A parable of recent cultural politics:

The mainline Jewish establishment in the US has been in a panicked frenzy for at least a decade now.  “The kids don’t care!,” cry the greying elders.  “They abandon the interests of their own people, they align themselves with foreign and hostile ideologies!  We will die, we will die, we will die!  What have we done to deserve this?”

And, yes, of course, to some extent this is a thing that greying elders are always crying, in every generation and every culture.

In this case, though, there’s something more to it.

I am one of those kids who doesn’t care.  In part, this is something that happened for idiosyncratic reasons, because I care way more about theology than most people (and especially most Jews) do, and I could be driven to cultural apostasy directly through doctrinal apostasy; I am like Tzelafchad, my sin is my own.  But it’s also true that, before I dropped out, I received the same cultural indoctrination as all my peers, and I saw what happened to them as a result.
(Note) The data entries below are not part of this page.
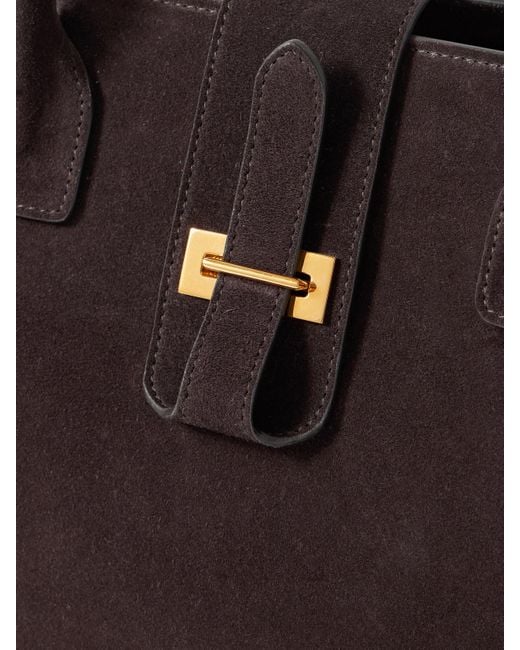 Nili Lotan Black Lou Suede Tote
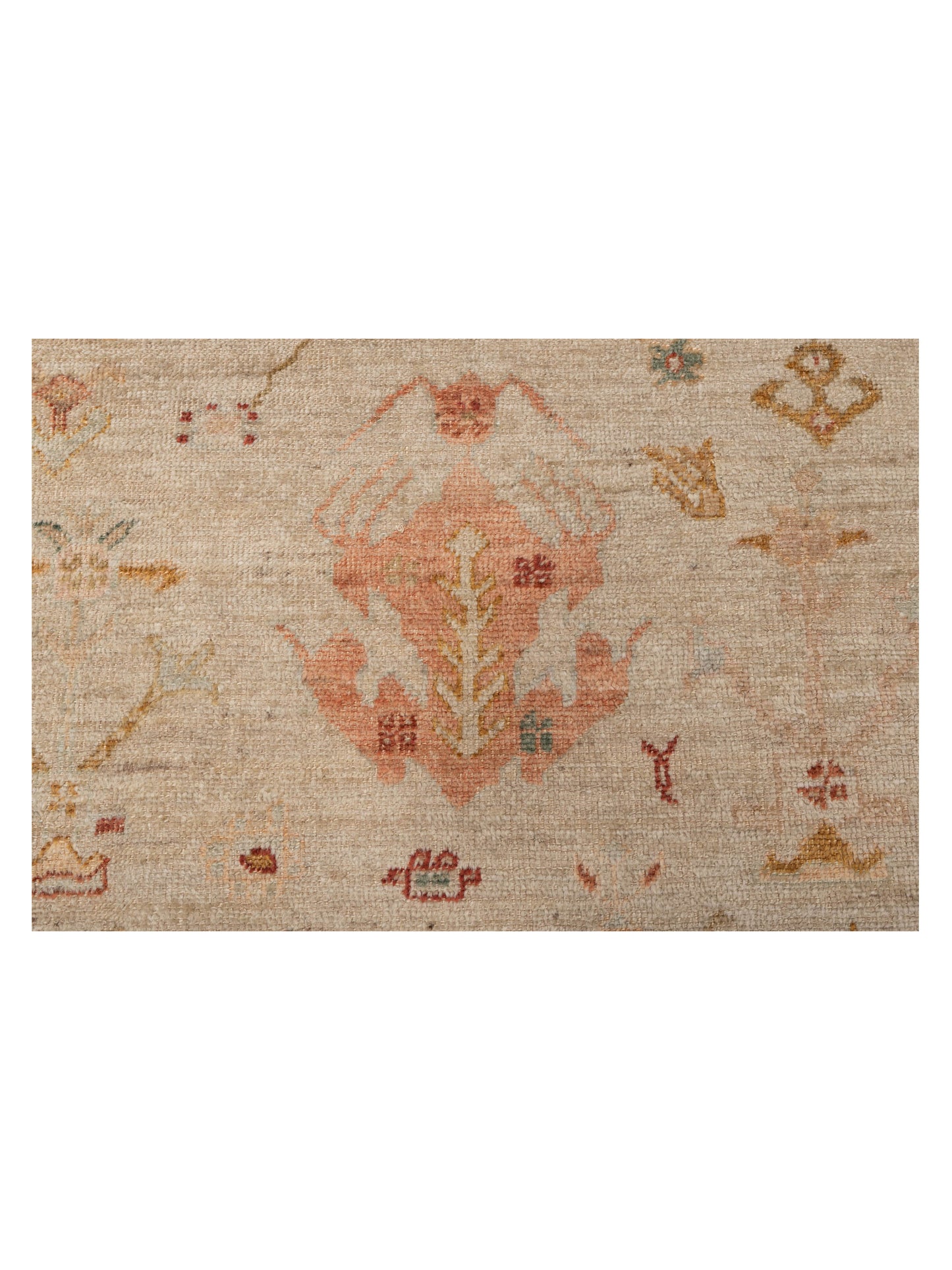 Angora Oushak 133081 Ivory Pink 6.1x13.11 Hand Knotted Rug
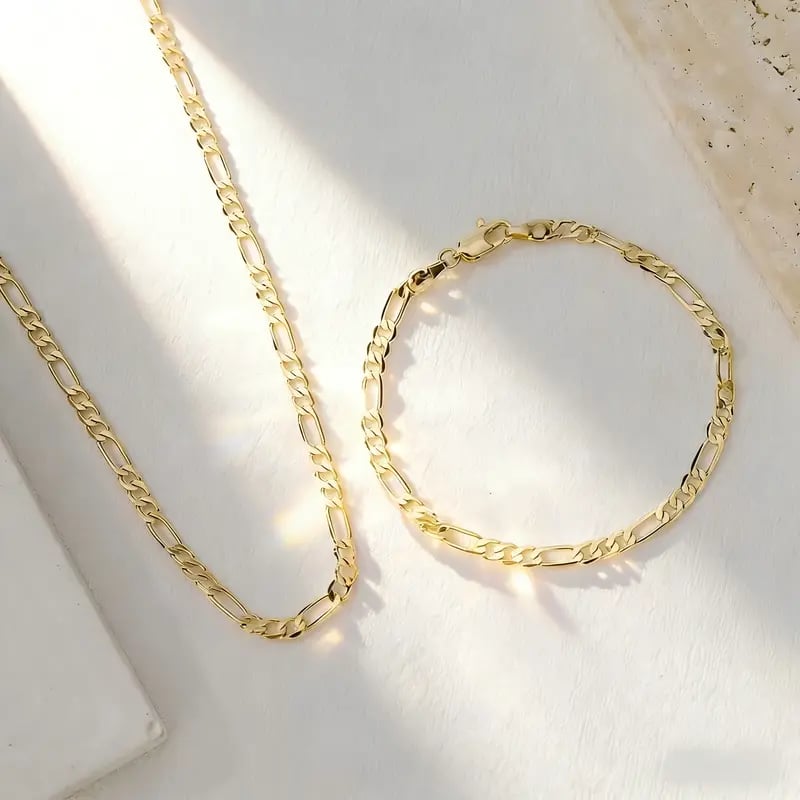 Elegant 2-Piece  Gold Jewelry Set – Bracelet & Necklace for Men & Women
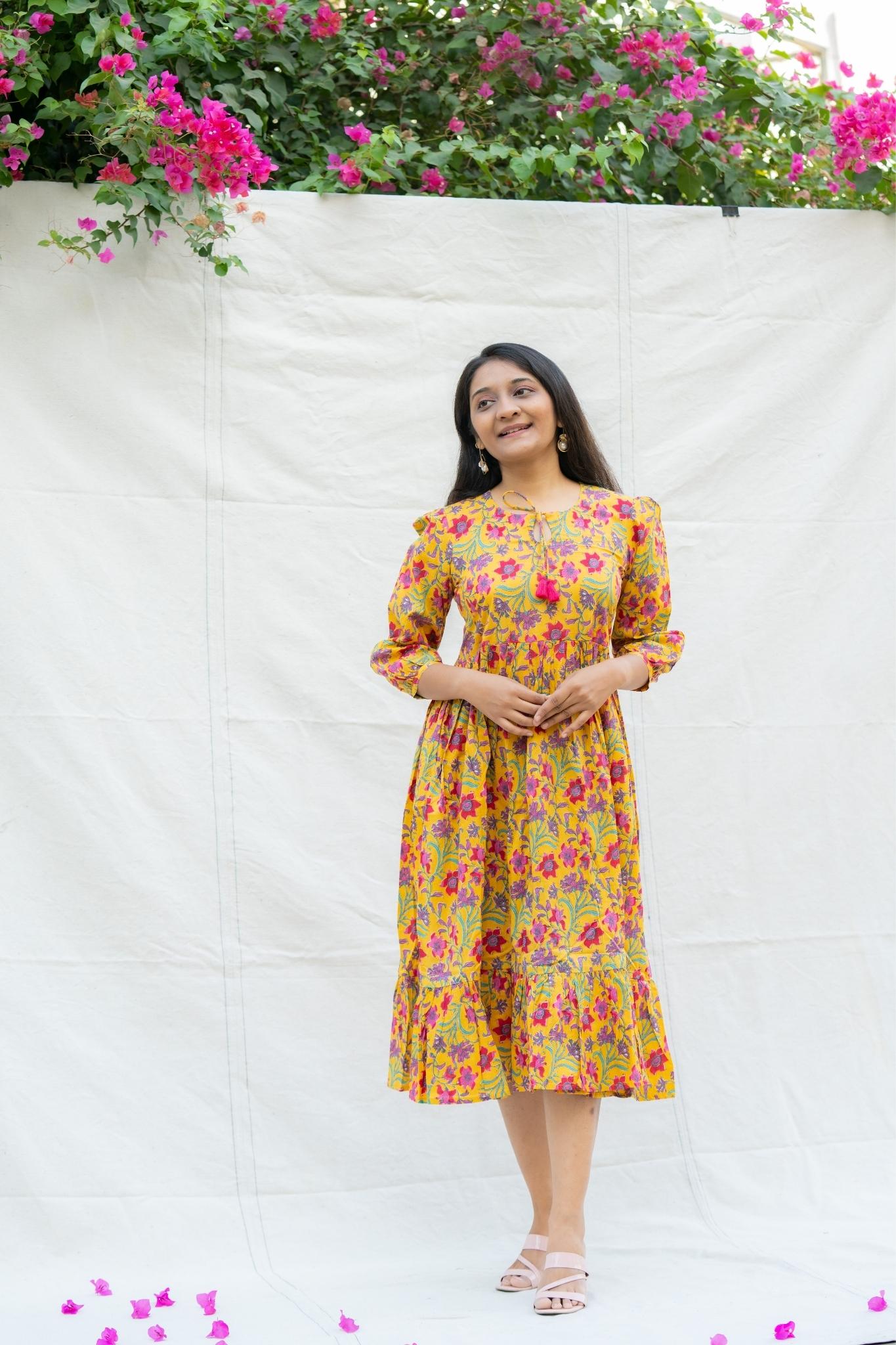 Kesariya Yellow Cotton Dress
We were taught, in briefest terms, that it Wasn’t About Us and never would be.  In our day and age, the project of the Jewish people was the State of Israel; that was the shining beacon of goodness, the collective value to which we were all to be devoted.  If you don’t live in Israel, well, you really should move there, y’know, if you’re really a good and devoted Jew.  And if you’re not going to do that – well, your job is to support Israel and to ensure that the Israelis get whatever they need in order to thrive.  This is a political endeavor, an economic endeavor, a spiritual endeavor.  Your job as an agent in the world is to put muscle behind Israel-supporting movements.  Your job as a worshiper in your synagogue is to preach the glories of Israel, or to attend such preaching.  Your job as a parent is to ensure that your children receive sufficient exposure to Israel.  It goes without saying that you’re not supposed to question this state of affairs, and you’re not supposed to question the Israelis’ determination of what they need.  Yours not to reason why, yours but to do and die. 

Amazingly, it turned out that in the long term – once the cultural conditions that had generated this ideology went away – it was totally unsustainable.  American Jews didn’t want to make Israel the center of their lives and their devotions.  They didn’t want to practice a religion that definitely Wasn’t About Them.  And no one could make them.  So…they didn’t.

He who has ears to hear, let him hear.